[lingtalks] TODAY: Stephen Crain 11/13 (Linguistics Colloquium)
Klinton Bicknell
kbicknell at ucsd.edu
Mon Nov 13 12:01:36 PST 2006
Our upcoming linguistics colloquium will be Stephen Crain, presenting a talk
entitled "Why children are more logical than adults." Professor Crain is
coming to us from Macquarie University (in Sydney); he was formerly at the
University of Maryland.
For further information about the Linguistics department colloquia series,
including the schedule of future events, please visit
http://ling.ucsd.edu/events/colloquia.html .
:: Details ::
Monday 13 November
2-3:30pm
AP&M 4301
:: Abstract ::
Why children are more logical than adults
Stephen Crain, Macquarie University
Suppose you and a friend have just seen Max order some sushi and some pasta.
Later you overhear your friend tell someone "Max ordered sushi or pasta."
Would you contradict your friend, saying "No, that's wrong, Max ordered
sushi
and pasta."? That's what adult speakers of English would do, but child
speakers would not do this. For them, "Max ordered sushi or pasta" does
correctly describe the case where Max ordered both. Textbooks of logic
specify
that "A or B" includes the possibility of both A and B. So child speakers of
English appear to be more logical than adult speakers. As child speakers
grow
up, their decisions change about when or is appropriate, because their
interpretation of or clashes with how adult speakers use the term. But the
difference in meaning between the "or" of formal logic and the "or" of
English
emerges late in language development. So, it appears to be a universal
property
of human languages that statements of the form "A or B" are interpreted as
including the possibility of both A and B, just as in logic textbooks.
Now suppose that your sister Suzi didn't see Max order sushi, but she did
see
him order pasta. Later you overhear your friend tell someone "Suzi didn't
see
Max order sushi or pasta." Would you contradict your friend, saying "No
that's
wrong.
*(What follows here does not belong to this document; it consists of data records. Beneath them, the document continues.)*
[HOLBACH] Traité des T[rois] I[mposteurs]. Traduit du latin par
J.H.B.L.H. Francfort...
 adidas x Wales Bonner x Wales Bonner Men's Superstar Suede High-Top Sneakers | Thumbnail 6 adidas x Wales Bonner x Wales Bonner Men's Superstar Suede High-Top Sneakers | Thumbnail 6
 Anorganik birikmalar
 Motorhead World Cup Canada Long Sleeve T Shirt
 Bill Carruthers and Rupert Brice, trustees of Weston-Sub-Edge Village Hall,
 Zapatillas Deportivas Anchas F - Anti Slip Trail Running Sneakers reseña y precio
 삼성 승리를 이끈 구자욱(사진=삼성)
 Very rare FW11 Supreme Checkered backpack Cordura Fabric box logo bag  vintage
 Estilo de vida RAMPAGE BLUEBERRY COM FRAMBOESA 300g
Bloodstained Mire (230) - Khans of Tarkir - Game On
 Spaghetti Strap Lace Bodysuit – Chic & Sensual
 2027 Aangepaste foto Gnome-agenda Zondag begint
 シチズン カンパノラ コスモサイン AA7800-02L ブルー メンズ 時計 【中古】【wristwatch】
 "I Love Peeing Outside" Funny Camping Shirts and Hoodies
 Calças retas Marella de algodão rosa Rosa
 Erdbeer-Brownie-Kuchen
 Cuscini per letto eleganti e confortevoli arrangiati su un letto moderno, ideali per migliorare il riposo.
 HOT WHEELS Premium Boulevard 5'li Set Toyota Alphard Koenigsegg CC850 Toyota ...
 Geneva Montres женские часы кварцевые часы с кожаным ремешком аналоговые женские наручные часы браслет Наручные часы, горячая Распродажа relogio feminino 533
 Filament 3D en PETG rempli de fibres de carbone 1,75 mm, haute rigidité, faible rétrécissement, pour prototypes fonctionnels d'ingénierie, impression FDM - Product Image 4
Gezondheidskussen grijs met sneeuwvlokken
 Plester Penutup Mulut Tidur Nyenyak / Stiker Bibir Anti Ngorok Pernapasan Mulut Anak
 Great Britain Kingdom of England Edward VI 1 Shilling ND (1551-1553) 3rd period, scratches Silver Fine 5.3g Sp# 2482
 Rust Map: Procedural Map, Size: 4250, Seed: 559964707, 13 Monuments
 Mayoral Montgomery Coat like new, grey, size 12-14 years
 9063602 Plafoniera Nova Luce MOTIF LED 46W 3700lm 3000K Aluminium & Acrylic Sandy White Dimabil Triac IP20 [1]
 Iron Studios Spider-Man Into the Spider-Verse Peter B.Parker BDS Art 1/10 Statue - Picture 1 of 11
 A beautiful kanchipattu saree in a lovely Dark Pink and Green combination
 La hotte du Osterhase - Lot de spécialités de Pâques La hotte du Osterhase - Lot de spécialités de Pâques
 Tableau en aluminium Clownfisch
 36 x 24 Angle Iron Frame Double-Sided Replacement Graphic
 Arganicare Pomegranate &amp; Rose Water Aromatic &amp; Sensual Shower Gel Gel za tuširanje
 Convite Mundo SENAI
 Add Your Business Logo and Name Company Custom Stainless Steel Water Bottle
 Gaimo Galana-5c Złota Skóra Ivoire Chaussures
Suzi did see Max order pasta." That's what adult speakers of English
would do, and that's what child speakers would do. Textbooks of logic would
agree. In logic, "not [A or B]" excludes the possibility of A and it
excludes
the possibility of B. Moreover, if the English statement "Suzi didn't see
Max
order sushi or pasta" is translated into Japanese, Russian, Hungarian, or
any
other language, it means the same thing, that Suzi didn t see Max order
sushi
and she didn t see him order pasta. So, it appears to be a universal
property
of human languages that statements of the form "not [A or B]" are
interpreted
as excluding the possibility of both A and B, just as in logic textbooks.
Observations like these, from research on child language and from
cross-linguistic research, indicate that language and logic share some of
the
same basic notions, including the meaning of disjunction (English "or",
Japanese "ka", Chinese "huozhe", and so on). These observations are relevant
for the long-standing nature versus nurture controversy. Child and adult
speakers have different ideas of what "or" means. This tells us that young
children do not 'learn' what "or" means by watching how adults use "or". The
alternative is to suppose that children draw upon innate knowledge in
accessing
the logical meaning of "or" in human languages. This conclusion is
reinforced
by the observation that all languages adopt the logical meaning of "or" in
certain linguistic environments. A linguistic property that (a) emerges in
child language without decisive evidence from experience, and (b) is common
to
all human languages, is a likely candidate for innate specification.
Experience
matters, of course. As child speakers grow up, they must eventually learn to
use "or" in the same way as adults do. But, based on findings from child
language and cross-linguistic research, it looks like certain aspects of
language and logic are part of the human genome.